The musical acts have sued Napster, arguing the company's Internet program violates the law by allowing the free transfer of copyrighted songs. Their attorney, Howard King, sent a letter two weeks ago asking that more than a dozen universities ban the site from their computer networks. Most said they would not, citing the need to ensure academic freedom.
"MIT has had a long history of providing its faculty, staff, and students with uncensored access to the Internet and its vast array of resources," wrote James Bruce, vice president of the Massachusetts Institute of Technology, in a letter to King.
"This policy is consistent with MIT's educational mission and our deeply held values of academic freedom."
King's letter, which set Friday as the deadline to respond, was poorly received by other schools as well. Stanford University, Georgia Institute of Technology, Princeton University and the University of North Carolina, Chapel Hill, among others, turned down his request for similar reasons.
"Stanford is unaware of any requirement that it invade and monitor specific usage by its faculty, students and staff of such online services and network access, and you have provided no authority for such a requirement," said William Abrams, an attorney representing the school.
School representatives said their institutions did not condone copyright infringement and would investigate and address specific instances of such illegal activity if made aware of them.
In April, King filed suit against Napster.
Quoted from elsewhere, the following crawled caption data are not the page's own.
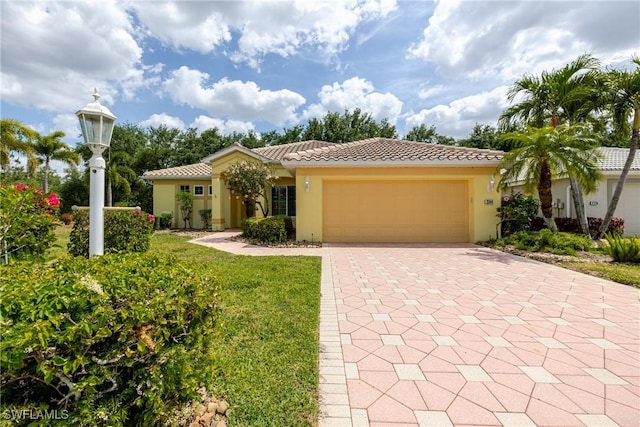 mediterranean / spanish-style home with stucco siding, a tiled roof, a garage, and decorative driveway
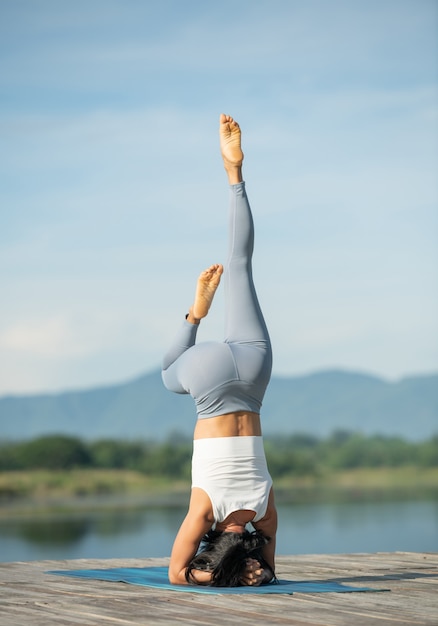 Foto mulher em um tapete de ioga para relaxar no parque. jovem mulher asiática desportiva praticando ioga, fazendo exercícios de headstand, malhando, vestindo roupas esportivas, calças e top.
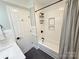 Bright bathroom featuring a tub with white tile, a shower niche, and sleek, dark hardware at 3314 Mara Ct, Matthews, NC 28105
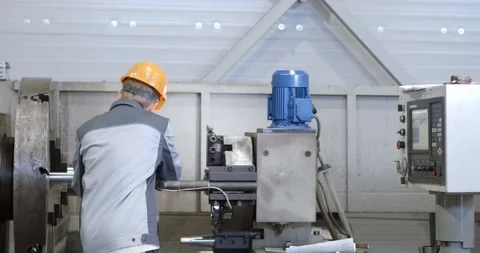 Portrait of a young worker in a helmet at a large metalworking plant. An enginee Stock Footage 149032779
Yale University, the University of Southern California and Indiana University were named as co-defendants. All three blocked network access to Napster at King's behest.
King expressed disappointment with the response this week from other universities.
"I thought it was morally, legally and ethically the right thing to do, given their supposed appreciation of intellectual property and intellectual property owners," he said.
The Record Industry Association of America, representing some of the world's largest record labels, has filed suit against Napster as well. Opening arguments in the case are scheduled in the U.S. Court of Appeals in San Francisco on October 2.